# Sesame Ginger-Seared Grouper with Asian Veggies



## bellapria (Feb 5, 2008)

Great recipe courtesy of Red Lobster. I love this recipe and it is always a great turnout at dinner parties.

4 eight- to ten-ounce pieces of fresh grouper fillets, skinless
½ cup canola oil
Chef Paul Prudhomme's Blackened Redfish Magic
2 tbsp. green onions, chopped
4 seven-ounce portions cooked Asian soba noodles (linguini can be substituted)
2 ounces red bell pepper, cut into thin strips
4 ounces broccoli florets, slightly blanched and chilled
4 ounces snow peas, slightly blanched and chilled
8 ounces button mushrooms, sliced
24 ounces sesame ginger sauce (There are many commercial sauces, dressings and marinades with this flavor profile. Pick your favorite.)
 Preparation
Asian Vegetables

Mix the raw bell peppers and mushrooms with the blanched broccoli and snow peas. Season lightly with salt and pepper.
Set aside. These will be sautéed just enough to heat when serving.
 Noodles

Heat water in a medium saucepan. This will be used to reheat cooked noodles before serving.
 Sesame-Ginger Sauce

Heat sauce over low heat.
 Seared Grouper

Lightly brush both sides of the grouper with oil and lightly season with Chef Paul Prudhomme's Blackened Redfish Magic.
Pre-heat a non-stick sauté pan on medium to medium-high heat.
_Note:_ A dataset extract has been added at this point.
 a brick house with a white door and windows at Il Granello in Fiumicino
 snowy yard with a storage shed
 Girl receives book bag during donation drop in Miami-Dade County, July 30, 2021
Place one tbsp. of oil into the pan.
Sear the seasoned fillets for 3-4 minutes. Turn fish over and sear an additional 4-5 minutes or until your fresh fish preference is reached. (For thicker fillets, it may be necessary to finish the fish in a 350-degree oven.)
 Chef's Tip:
When serving, place about seven ounces of reheated noodles into a large pasta bowl. Sprinkle a quarter of the sautéed vegetables evenly over the noodles. Place the seared fish over the vegetables and noodles. Pour four to six ounces of sesame-ginger sauce over the fish, vegetables and noodles (amount depends on the strength of flavor desired). Garnish with chopped green onions.


----------